■ **GIVEN DATA**:

+===+

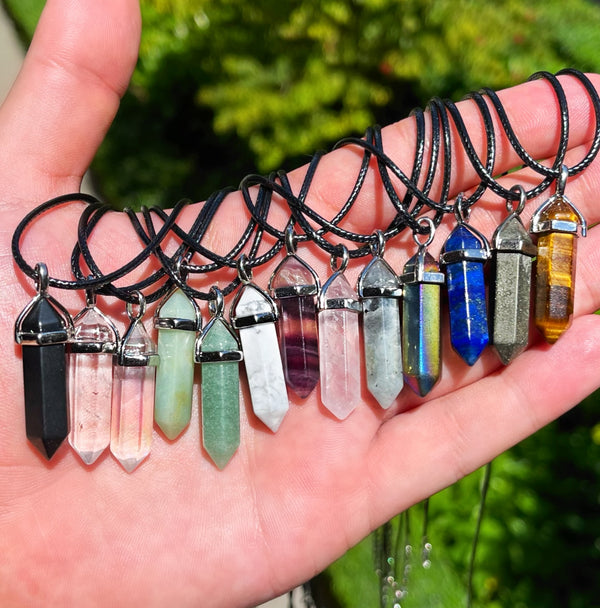 Crystal Pendants (Band Included)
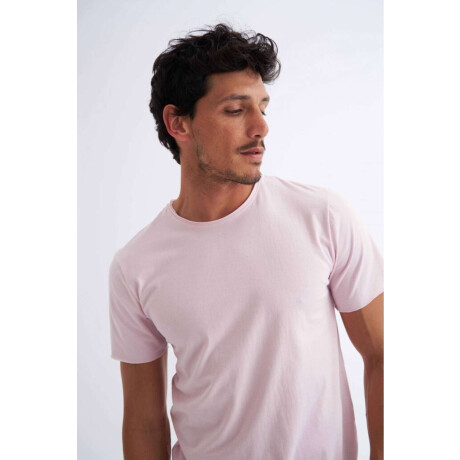 Remera básica Calt Rosado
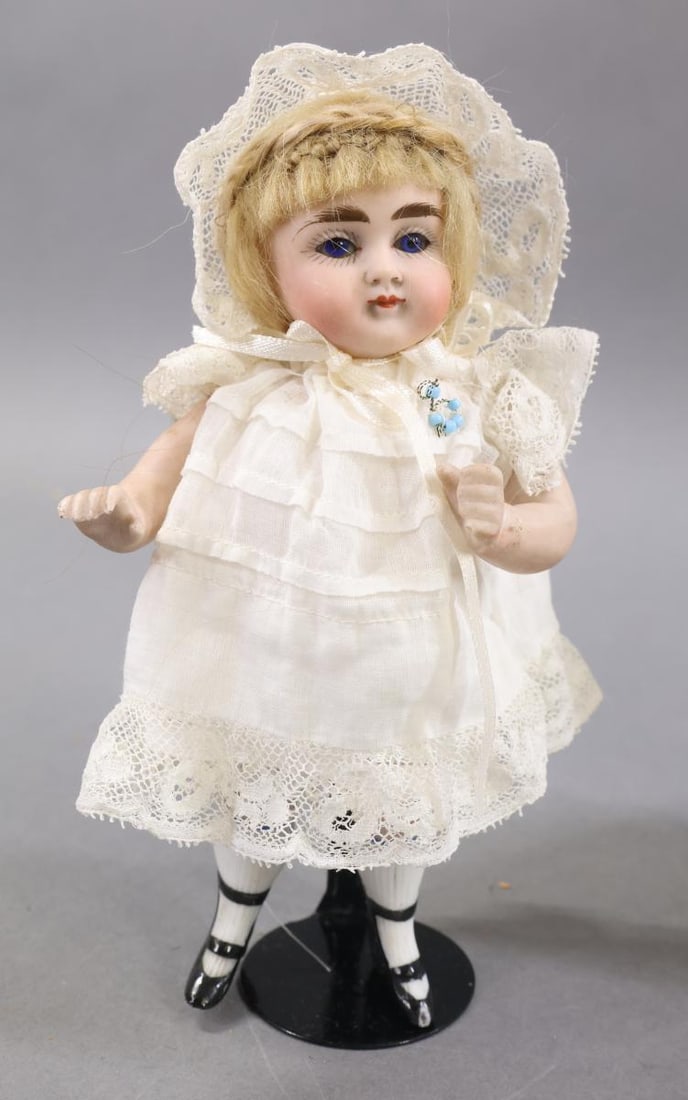 ALL BISQUE DOLLS. - 2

+===+

Reproduce the data above word for word and omit the images.

 Crystal Pendants (Band Included)
 Remera básica Calt Rosado
 ALL BISQUE DOLLS. - 2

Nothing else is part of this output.